Os especialistas identificaram também outros anúncios que incluem conteúdos de desinformação política, usando a associação a figuras do Chega (além de Ventura, surge também o candidato António Tanger Corrêa), e também referências a António Costa, numa falsa narrativa colocada a circular.

Os autores ou financiadores desta publicidade terão atingido mais de 66 mil pessoas em Portugal e permanecem desconhecidos, segundo o Medialab.

Segundo os investigadores, “a escolha de conteúdos e figuras ligadas ao partido Chega resulta do facto de esses conteúdos e essas figuras serem muito presentes nas redes sociais e registarem elevadas taxas de interação”.
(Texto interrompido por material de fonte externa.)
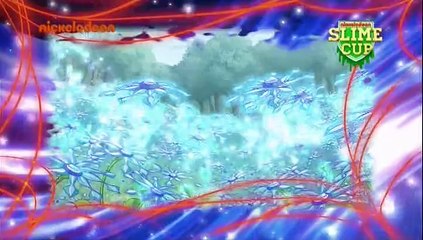 Winx 614 Rus-Nickelodeon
“Associar um esquema de enriquecimento a uma figura pública tem sempre dois resultados: ganhar dinheiro com aqueles que forem atrás do engodo e desacreditar as personalidades públicas. Neste caso tanto André Ventura como António Costa são, simultaneamente, alvos políticos e fatores credibilizantes da narrativa proposta”, apontam os especialistas.

A título de exemplo, alguns dos anúncios — que direcionam para páginas falsas clonadas do jornal Correio da Manhã e do site da Galp — referem “Notícias de última hora: a equipa do Chega revelou como o antigo primeiro-ministro ganhou milhões escondendo-os do povo”, ou “Sensação! Tânger-Corrêa e André Ventura desmascaram fraude financeira de António da Costa”.

Os investigadores alertam para o facto de todo este processo ser realizado automaticamente, através de algoritmos, que detetam a ‘popularidade’ nas redes das figuras e geram depois os textos. “No fundo”, diz José Moreno à Lusa, “André Ventura está a ser vítima do seu próprio sucesso nas redes”.

Tanto a identificação dos financiadores dos anúncios, como dos proprietários dos websites é mantida oculta através de registos anónimos. De acordo com o MediaLab, o servidor usado para alojar os websites situa-se na Califórnia e o registo foi feito em Reiquiavique, na Islândia.